By Carlo Dade and John Law
In the Globe and Mail

Jan. 20, 2016


The news that the federal government is looking to rapidly increase infrastructure spending to stimulate the economy should come with a flashing warning light.

Canadians recognize the value of using infrastructure spending to stimulate the economy in tough times. But what has always eluded us is finding investments that will generate a good return, rather than ones that are just ready to go.

Why doesn’t Canada already have a list of projects vetted according to national interest, need and return-on-investment, which we can proceed with in normal times and ramp up in times of need? Australia does this, and so should we.

With mounting pressure to start spending, the federal government does not have the time needed to plan and evaluate infrastructure projects. And without a set of prioritized projects, the government is at risk of funding anything that is shovel-ready, just to get money out the door.

Ottawa can take steps to end this cycle. Getting started now on a process for prioritizing national infrastructure projects will bring greater value to all infrastructure spending, and ensure the next time we decide to accelerate investment we will be in a position to make better choices.

And it will save us money. A 2013 study by McKinsey & Co. concluded that, with proper project evaluation and planning, infrastructure projects can generally be completed at a savings equivalent to two-thirds of the costs incurred for projects that are rushed through.

Prioritization is also critical to getting infrastructure spending right in other ways. For example, the government plans to borrow to fund up to $6-billion a year for public transit and social and green infrastructure. This spending will improve quality of life, investments in human capital and meeting basic needs. These are important demands that grow more urgent every day.

The government has also announced it will earmark $1.4-billion a year for crucial trade infrastructure, roads, ports and systems that move products to markets. One study on the impact of federal highways grants in the United States found that each dollar invested led to increases in state GDP that were twice the value of the grant. And so by addressing strategic trade infrastructure investments first, we can generate the revenue that pays for the social and green infrastructure Canadians also want.

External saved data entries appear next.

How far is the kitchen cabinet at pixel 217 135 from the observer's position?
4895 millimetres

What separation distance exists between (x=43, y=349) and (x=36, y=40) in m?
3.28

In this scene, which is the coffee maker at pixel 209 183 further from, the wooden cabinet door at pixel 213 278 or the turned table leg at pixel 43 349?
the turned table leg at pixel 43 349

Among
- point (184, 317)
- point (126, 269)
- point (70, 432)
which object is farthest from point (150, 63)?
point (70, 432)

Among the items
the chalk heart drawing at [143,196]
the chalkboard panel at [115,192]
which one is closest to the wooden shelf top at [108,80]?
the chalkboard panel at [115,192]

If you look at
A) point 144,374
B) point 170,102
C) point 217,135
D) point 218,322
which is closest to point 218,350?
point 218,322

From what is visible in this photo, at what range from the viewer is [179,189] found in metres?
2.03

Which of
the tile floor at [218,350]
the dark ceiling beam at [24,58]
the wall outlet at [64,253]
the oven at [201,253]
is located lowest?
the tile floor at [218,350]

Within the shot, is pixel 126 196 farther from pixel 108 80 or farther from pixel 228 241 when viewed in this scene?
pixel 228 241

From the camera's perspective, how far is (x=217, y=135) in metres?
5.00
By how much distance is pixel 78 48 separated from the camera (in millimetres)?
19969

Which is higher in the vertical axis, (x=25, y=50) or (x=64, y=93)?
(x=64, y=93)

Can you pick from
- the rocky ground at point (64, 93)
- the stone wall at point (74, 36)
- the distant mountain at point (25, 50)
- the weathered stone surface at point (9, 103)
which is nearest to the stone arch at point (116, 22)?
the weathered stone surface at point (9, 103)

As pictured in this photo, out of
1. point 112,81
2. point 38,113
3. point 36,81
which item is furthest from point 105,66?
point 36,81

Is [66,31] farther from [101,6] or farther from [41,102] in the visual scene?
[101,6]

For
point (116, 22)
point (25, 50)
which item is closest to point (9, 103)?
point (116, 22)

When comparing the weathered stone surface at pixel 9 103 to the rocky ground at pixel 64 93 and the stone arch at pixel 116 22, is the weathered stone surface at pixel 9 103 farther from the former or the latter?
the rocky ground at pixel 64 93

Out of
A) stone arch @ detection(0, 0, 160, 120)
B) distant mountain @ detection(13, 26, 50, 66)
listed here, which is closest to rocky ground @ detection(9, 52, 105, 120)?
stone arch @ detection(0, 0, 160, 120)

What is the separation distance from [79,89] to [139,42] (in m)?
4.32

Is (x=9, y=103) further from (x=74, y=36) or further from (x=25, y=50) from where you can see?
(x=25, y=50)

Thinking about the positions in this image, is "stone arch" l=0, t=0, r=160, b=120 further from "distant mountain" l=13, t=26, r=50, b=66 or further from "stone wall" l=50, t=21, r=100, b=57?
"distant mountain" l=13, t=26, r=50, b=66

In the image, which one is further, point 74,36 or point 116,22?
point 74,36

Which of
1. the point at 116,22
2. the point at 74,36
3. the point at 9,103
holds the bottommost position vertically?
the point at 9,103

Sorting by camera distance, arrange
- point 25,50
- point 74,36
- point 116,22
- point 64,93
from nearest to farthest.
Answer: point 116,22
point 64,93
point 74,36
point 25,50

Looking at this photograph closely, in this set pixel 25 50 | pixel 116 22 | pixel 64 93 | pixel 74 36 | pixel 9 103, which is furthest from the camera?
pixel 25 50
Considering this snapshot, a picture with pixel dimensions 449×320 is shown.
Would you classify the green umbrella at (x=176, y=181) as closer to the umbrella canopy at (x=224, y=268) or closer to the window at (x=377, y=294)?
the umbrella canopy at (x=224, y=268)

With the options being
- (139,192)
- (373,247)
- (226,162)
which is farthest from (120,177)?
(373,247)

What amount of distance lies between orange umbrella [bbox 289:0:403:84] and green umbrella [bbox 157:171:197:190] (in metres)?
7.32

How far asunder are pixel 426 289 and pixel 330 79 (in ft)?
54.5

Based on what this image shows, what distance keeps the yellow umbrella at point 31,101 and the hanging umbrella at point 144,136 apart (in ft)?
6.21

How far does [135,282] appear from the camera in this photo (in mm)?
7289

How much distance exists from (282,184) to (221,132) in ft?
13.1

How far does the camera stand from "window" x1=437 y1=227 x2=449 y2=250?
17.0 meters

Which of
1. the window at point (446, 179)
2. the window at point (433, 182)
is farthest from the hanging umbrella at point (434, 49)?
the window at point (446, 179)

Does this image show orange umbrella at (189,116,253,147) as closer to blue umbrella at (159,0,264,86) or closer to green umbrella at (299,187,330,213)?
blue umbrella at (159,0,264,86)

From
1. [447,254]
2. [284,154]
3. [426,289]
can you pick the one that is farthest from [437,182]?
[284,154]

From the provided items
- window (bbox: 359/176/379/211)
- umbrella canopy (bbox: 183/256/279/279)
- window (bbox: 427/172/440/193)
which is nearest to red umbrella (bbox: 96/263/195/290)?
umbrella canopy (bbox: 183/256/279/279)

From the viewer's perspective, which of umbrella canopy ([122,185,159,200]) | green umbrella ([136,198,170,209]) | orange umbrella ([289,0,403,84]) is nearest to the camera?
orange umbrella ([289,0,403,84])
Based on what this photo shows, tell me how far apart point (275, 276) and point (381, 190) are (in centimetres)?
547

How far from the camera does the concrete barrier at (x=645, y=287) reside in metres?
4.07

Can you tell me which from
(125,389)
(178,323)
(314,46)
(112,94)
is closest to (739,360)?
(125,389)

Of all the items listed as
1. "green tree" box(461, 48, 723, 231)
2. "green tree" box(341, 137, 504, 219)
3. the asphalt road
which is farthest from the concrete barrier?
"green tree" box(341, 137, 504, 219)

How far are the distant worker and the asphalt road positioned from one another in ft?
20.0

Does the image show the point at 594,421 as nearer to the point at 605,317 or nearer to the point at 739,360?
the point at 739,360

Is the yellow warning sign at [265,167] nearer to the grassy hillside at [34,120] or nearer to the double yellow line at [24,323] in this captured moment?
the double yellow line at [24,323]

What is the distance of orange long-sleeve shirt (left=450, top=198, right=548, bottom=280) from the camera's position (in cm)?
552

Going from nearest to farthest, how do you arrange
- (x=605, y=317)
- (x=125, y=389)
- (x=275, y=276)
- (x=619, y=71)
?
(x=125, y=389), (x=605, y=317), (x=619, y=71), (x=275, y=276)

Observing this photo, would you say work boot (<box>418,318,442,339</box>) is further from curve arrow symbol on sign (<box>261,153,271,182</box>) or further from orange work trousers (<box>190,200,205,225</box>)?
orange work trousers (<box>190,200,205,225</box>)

Finding a balance between these two priorities will require long-term vision and input from the private and public sectors, the provinces and municipalities, as well as domestic and foreign commercial interests. That balance is best achieved as part of a continuing evaluation and planning process.

We are at a crossroads in infrastructure spending. The decisions we make in response to massive new trade deals with the European Union and Trans-Pacific Partnership will affect Canada’s job prospects and social and economic prosperity for generations to come. If we don’t get fundamental infrastructure issues sorted out, trade and the jobs tied to it will be taken by competing countries that do get it right. So, it is even more critical that when we talk about spending scarce resources for infrastructure that we do not waste funds in haste.

In the case of trade infrastructure, the government could learn from what Australia and other countries are doing to tap into private-sector expertise to improve spending decisions. The private sector owns, operates and pays for most trade infrastructure, other than roads, and has the information needed to calculate return on investment. Such better-informed investments will in the end save tax dollars.

The process of evaluating and creating projects, whether in social or trade infrastructure, allows for more intelligent spending. With a systemic approach, better informed decisions, greater reliance on innovation and proper maintenance, the country can get more out of the assets it has and reduce future spending needs. With a little foresight in infrastructure planning and spending, all Canadians will benefit.

Carlo Dade is director of the Centre for Trade & Investment Policy at the Canada West Foundation. John Law is president of Lawmark International and a former CEO of Saskatchewan’s Global Transportation Hub.